We can also apply the chain rule
more than once within the same problem. So, let’s consider an example of
this.
Find the first derivative of
the function 𝑦 equals the square root of eight 𝑥 minus sin of nine 𝑥 to the
power of eight.
Here we have 𝑦 is equal to the
square root of another function, so we have a composite function. We’re, therefore, going to
apply the chain rule. We’re going to define 𝑢 to be
the function underneath the square root, so 𝑢 is equal to eight 𝑥 minus sin of
nine 𝑥 to the power of eight. Then, 𝑦 is equal to the square
root of 𝑢, which we can express using index notation as 𝑢 to the power of
one-half.
The chain rule tells us that
d𝑦 by d𝑥 is equal to d𝑦 by d𝑢 multiplied by d𝑢 by d𝑥. So, we need to find each of
these derivatives. d𝑦 by d𝑢 is relatively straightforward. Using the power rule, we get
one-half 𝑢 to the power of negative one-half. For d𝑢 by d𝑥, the derivative
of eight 𝑥 is just eight. But what about the derivative
of sin of nine 𝑥 to the power of eight?
We actually need to apply the
chain rule again. We can let 𝑔 equal this
function. And we can change the notation
a little to write it as sin nine 𝑥 to the power of eight. It’s an equivalent notation,
but it might it make it a little clearer how we’re going to find the
derivative.
We recall the chain rule
extension to the power rule, which told us that if we had a function 𝑓 of 𝑥
raised to a power 𝑛, then its derivative was 𝑓 prime of 𝑥 multiplied by 𝑛
multiplied by 𝑓 of 𝑥 to the power of 𝑛 minus one.
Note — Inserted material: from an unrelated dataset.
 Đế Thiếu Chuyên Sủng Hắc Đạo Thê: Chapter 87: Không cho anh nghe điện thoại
Here, we have a function, sin
of nine 𝑥 raised to a power eight, so we can apply the chain rule extension to
the power rule. We need to recall one more rule
which is that the derivative with respect to 𝑥 of sin 𝑎𝑥 is 𝑎 cos 𝑎𝑥.
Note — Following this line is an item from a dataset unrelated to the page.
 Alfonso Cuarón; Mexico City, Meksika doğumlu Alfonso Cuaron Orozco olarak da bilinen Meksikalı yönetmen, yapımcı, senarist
So, we begin. The derivative of the part
inside the parentheses is nine cos nine 𝑥. Then, we multiply by the power
eight. And then, we have the function
inside the parentheses written out again, but with the power reduced by one. Simplifying gives 72 cos nine
𝑥 sin to the power of seven nine 𝑥. So, now that we found both d𝑦
by d𝑢 and d𝑢 by d𝑥, we can substitute into the chain rule.
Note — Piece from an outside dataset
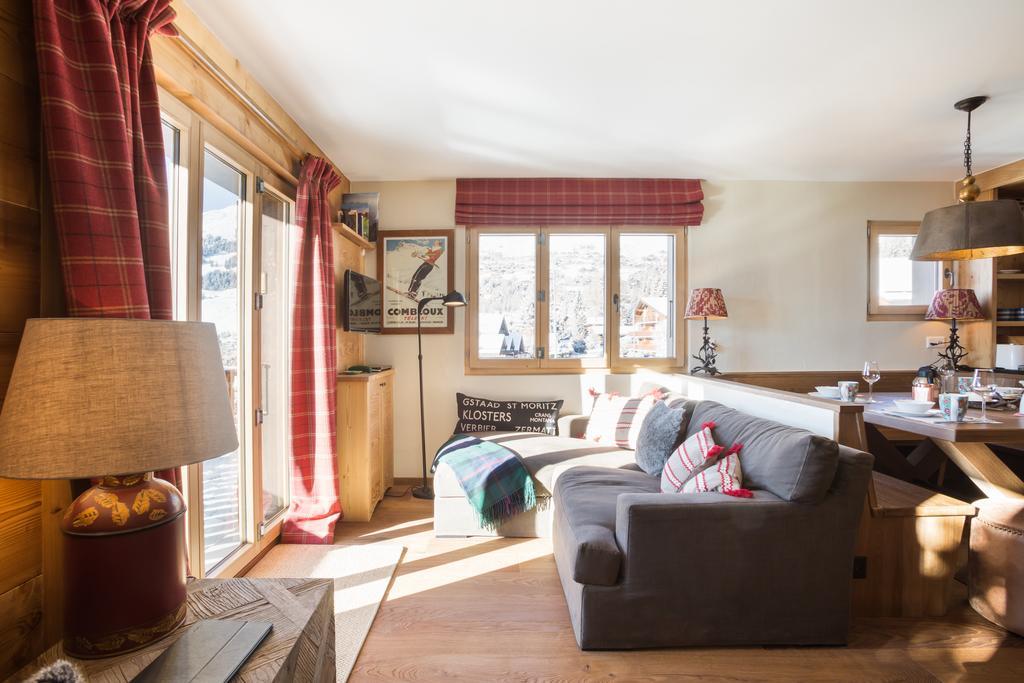 Apartments Roxes Вербиер Екстериор снимка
We have then that d𝑦 by d𝑥 is
equal to a half 𝑢 to power of negative a half multiplied by eight minus 72 cos
nine 𝑥 sin nine 𝑥 to the power of seven. We must also remember to
replace 𝑢 in terms of 𝑥. So, 𝑢 is equal to eight 𝑥
minus sin of nine 𝑥 to the power of eight. We’ll also simplify the
fractions. Dividing by that denominator of
two leaves coefficients of four and 36 in the numerator.
And we recall also that 𝑢 to
the power of negative a half is equal to one over root 𝑢. So, our derivative d𝑦 by d𝑥
simplifies to four minus 36 cos nine 𝑥 sin nine 𝑥 to the power of seven all
over the square root of eight 𝑥 minus sin nine 𝑥 to the power of eight.
So, we’ve seen within this
question that we can apply the chain rule more than once within the same
problem. In fact, we can apply it as
many times as is necessary.
Let’s remind ourselves then of some
of the key points that we’ve seen in this video. The chain rule is useful for
differentiating composite functions, that’s functions of other functions. If 𝑦 is equal to the composite
function at 𝑔 of 𝑓 of 𝑥, then d𝑦 by d𝑥 is equal to 𝑓 prime of 𝑥, that’s the
derivative of the inner function, multiplied by 𝑔 prime of 𝑓 of 𝑥. That’s the derivative of the outer
function with the inner function still inside.
We’ve also seen the that if we make
the substitution 𝑢 equals 𝑓 of 𝑥, then 𝑦 becomes a function of 𝑢. And the chain rule can be expressed
as d𝑦 by d𝑥 is equal to d𝑦 by d𝑢 multiplied by d𝑢 by d𝑥. We find the derivative of 𝑦 with
respect to 𝑢 and multiply by the derivative of 𝑢 with respect to 𝑥. We must make sure that we undo our
substitution at the end, so that d𝑦 by d𝑥 is in terms of 𝑥 only.
We’ve also seen the chain rule
extension to the power rule, which tells us that the derivative of a function 𝑓 of
𝑥 to the power of 𝑛 is 𝑓 prime of 𝑥 multiplied by 𝑛 multiplied by 𝑓 of 𝑥 to
the 𝑛 minus one. Finally, we saw that we can apply
the chain rule as many times as we like within a particular problem. The chain rule is a really powerful
tool. And it opens up a really wide class
of functions which we’re able to differentiate.